Tuesday 24 November 2009

Table Expressions, Cardinality, SYS_OP_ATG and KOKBF$

Recently I was involved in discussion on OTN form (see http://forums.oracle.com/forums/thread.jspa?threadID=986657)
and I found an interesting information inside the posted execution plan which was in "Predicate information" section and was

filter(SYS_OP_ATG(VALUE(KOKBF$),2,3,2)='HQPRM003')


Googling showed some interesting information in Vlad Sadilovski's blog that KOKBF$ is a generic alias given the table expressions. What was more interesting was undocumented SYS_OP_ATG function which attracted my interest. So I decided to create a simple case to observe what is going on.

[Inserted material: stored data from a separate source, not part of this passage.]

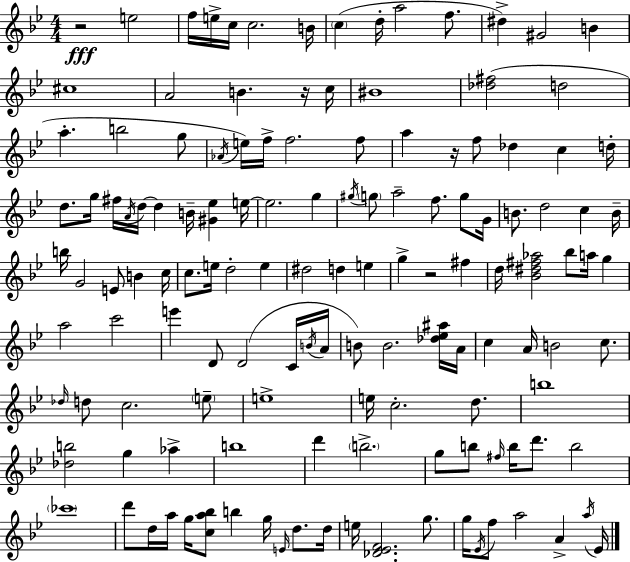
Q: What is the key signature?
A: G minor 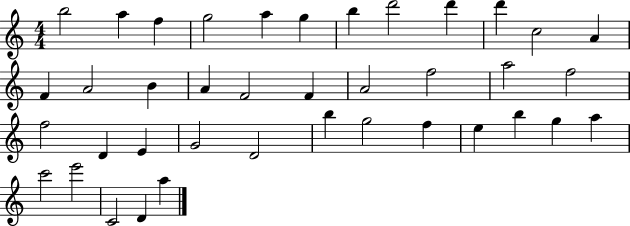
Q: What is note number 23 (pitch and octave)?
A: F5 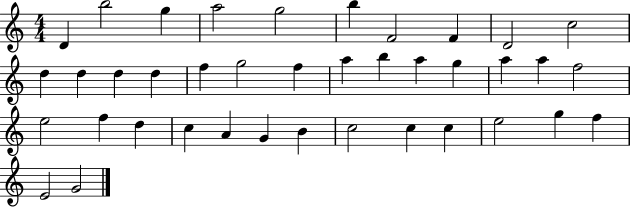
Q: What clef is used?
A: treble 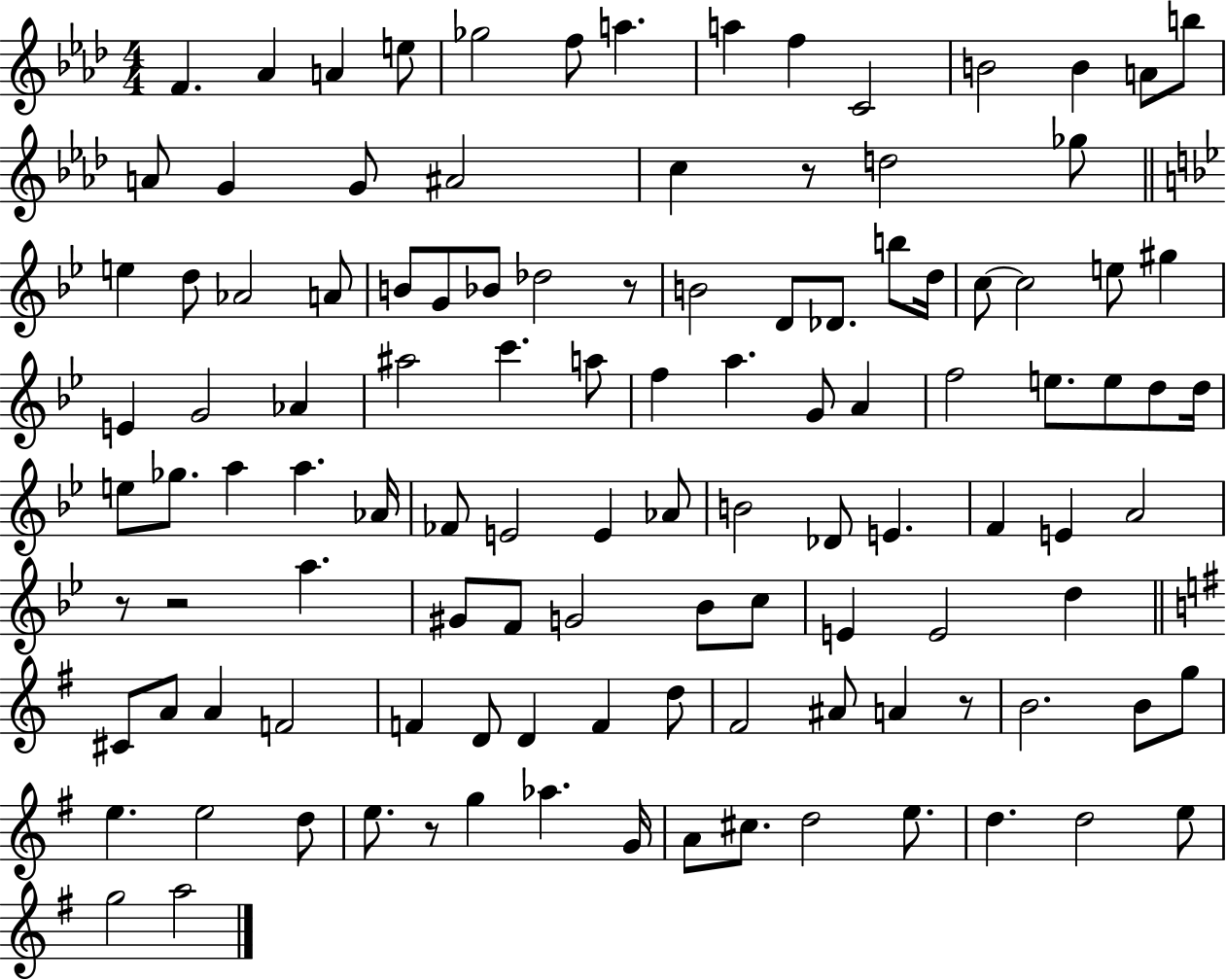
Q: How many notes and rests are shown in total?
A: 114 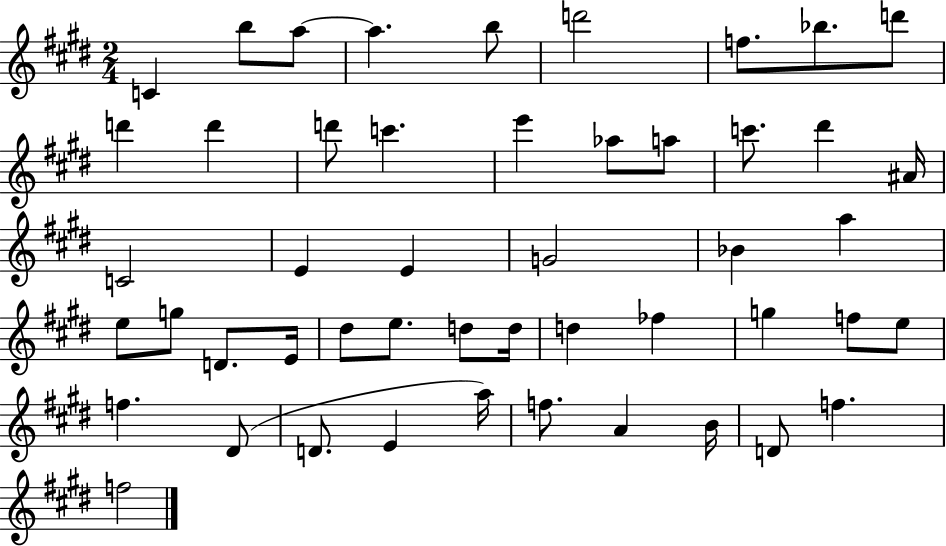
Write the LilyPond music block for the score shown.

{
  \clef treble
  \numericTimeSignature
  \time 2/4
  \key e \major
  c'4 b''8 a''8~~ | a''4. b''8 | d'''2 | f''8. bes''8. d'''8 | \break d'''4 d'''4 | d'''8 c'''4. | e'''4 aes''8 a''8 | c'''8. dis'''4 ais'16 | \break c'2 | e'4 e'4 | g'2 | bes'4 a''4 | \break e''8 g''8 d'8. e'16 | dis''8 e''8. d''8 d''16 | d''4 fes''4 | g''4 f''8 e''8 | \break f''4. dis'8( | d'8. e'4 a''16) | f''8. a'4 b'16 | d'8 f''4. | \break f''2 | \bar "|."
} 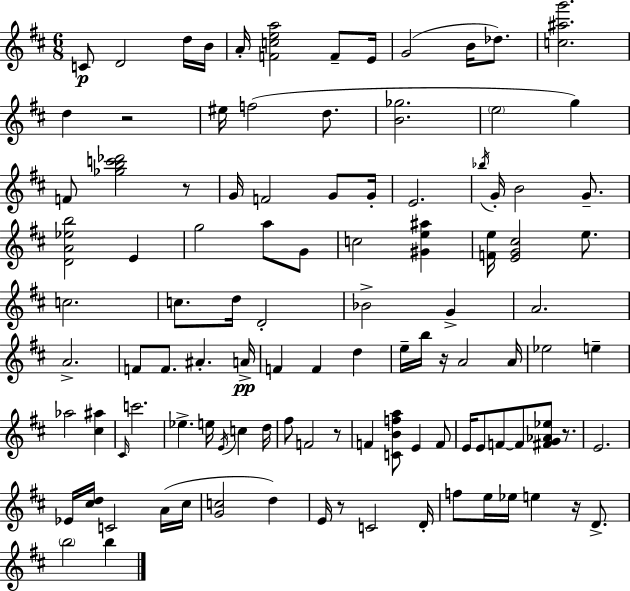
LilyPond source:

{
  \clef treble
  \numericTimeSignature
  \time 6/8
  \key d \major
  \repeat volta 2 { c'8\p d'2 d''16 b'16 | a'16-. <f' c'' e'' a''>2 f'8-- e'16 | g'2( b'16 des''8.) | <c'' ais'' g'''>2. | \break d''4 r2 | eis''16 f''2( d''8. | <b' ges''>2. | \parenthesize e''2 g''4) | \break f'8 <ges'' b'' c''' des'''>2 r8 | g'16 f'2 g'8 g'16-. | e'2. | \acciaccatura { bes''16 } g'16-. b'2 g'8.-- | \break <d' a' ees'' b''>2 e'4 | g''2 a''8 g'8 | c''2 <gis' e'' ais''>4 | <f' e''>16 <e' g' cis''>2 e''8. | \break c''2. | c''8. d''16 d'2-. | bes'2-> g'4-> | a'2. | \break a'2.-> | f'8 f'8. ais'4.-. | a'16->\pp f'4 f'4 d''4 | e''16-- b''16 r16 a'2 | \break a'16 ees''2 e''4-- | aes''2 <cis'' ais''>4 | \grace { cis'16 } c'''2. | ees''4.-> e''16 \acciaccatura { e'16 } c''4 | \break d''16 fis''8 f'2 | r8 f'4 <c' b' f'' a''>8 e'4 | f'8 e'16 e'8 f'8~~ f'8 <fis' g' aes' ees''>8 | r8. e'2. | \break ees'16 <cis'' d''>16 c'2 | a'16( cis''16 <g' c''>2 d''4) | e'16 r8 c'2 | d'16-. f''8 e''16 ees''16 e''4 r16 | \break d'8.-> \parenthesize b''2 b''4 | } \bar "|."
} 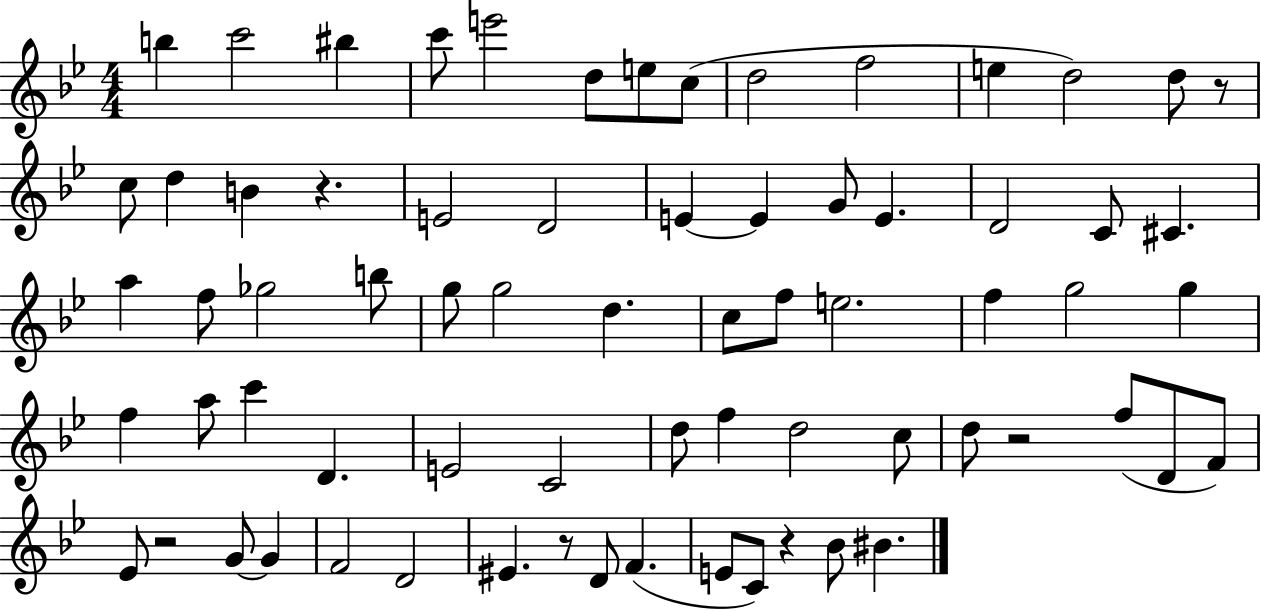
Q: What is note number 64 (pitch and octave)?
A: BIS4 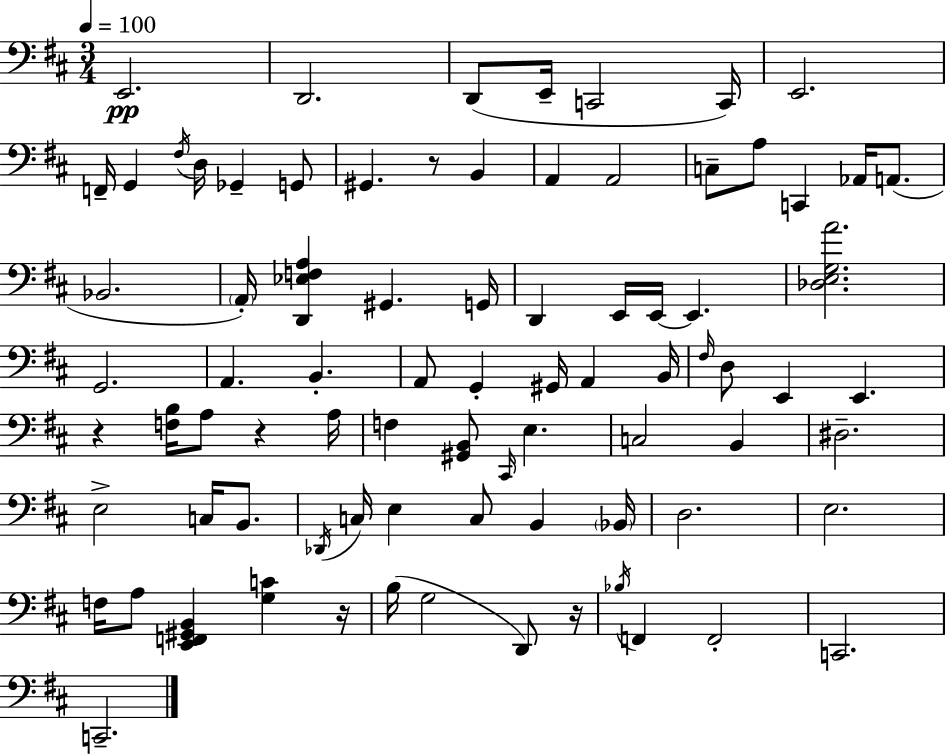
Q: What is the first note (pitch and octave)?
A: E2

SQL> CREATE TYPE demo_object AS OBJECT
2 ( ID NUMBER(6)
3 , first_name VARCHAR2(30)
4 , last_name VARCHAR2(20));
5 /

Type created.

SQL> create type demo_object_t as AS TABLE OF demo_object;
2 /

Type created.

SQL> CREATE or replace FUNCTION demo_func( p_num_rows number )
2 RETURN demo_object_t
3 as
4 r_demo_object_t demo_object_t;
5 BEGIN
6 SELECT demo_object(rownum,dbms_random.string('k',30), dbms_random.string('k',20))
7 BULK COLLECT INTO r_demo_object_t
8 FROM dual connect by level <= p_num_rows;
9 RETURN r_demo_object_t;
10 END;
11 /

Function created.

SQL> select * from table(demo_func(10));

ID FIRST_NAME LAST_NAME
---------- ------------------------------ --------------------
1 POXXOPVQXYPXUIGCQLVBWLNXXLUEQC JAIAUCWHIMCRRJQXWUJY
2 SVYYKMZRBERFQFZKAQQOOSDNKMIJSG JMAOAUMHSWGNMYRCBSAG
3 LKNMLDIGIDTJECSRZDNSGHECNGVEFL TUUFTVPIVIXGRWYZFMCF
4 UIAEJZRIRROBBCINFTKNAXJEPFGKPP LPNGQCTLNLMEJWLGTWQJ
5 MGKMJJOHOZPCYEXEDVOWYSYUJMDDBF PTQACVZBNFCJOMQKJNRA
6 DSOODWTOPLPDAFZRXXGKKGECIPCHHB MHWPUTQJOSGOFOKCALJW
7 VTTVCLHRWLXGVMAKWQPOJDMLYUIEOS MXABXPTDHQENPKEHYCFZ
8 QJPWITNBARETOWMUVOQHABEEYNKLOD UYOEOUROCXHXXVNQILYU
9 PZDJEPXAHXXIAOVTOGKPSCMNDORNQX IZLRNYOLEWSPWDMCQMCY
10 FBOKISOVXUNFASOLGOZZPGVHSEFDAG MXOEIQSZMLTBREPGBDSM

10 rows selected.



So now we are ready to see what is going on.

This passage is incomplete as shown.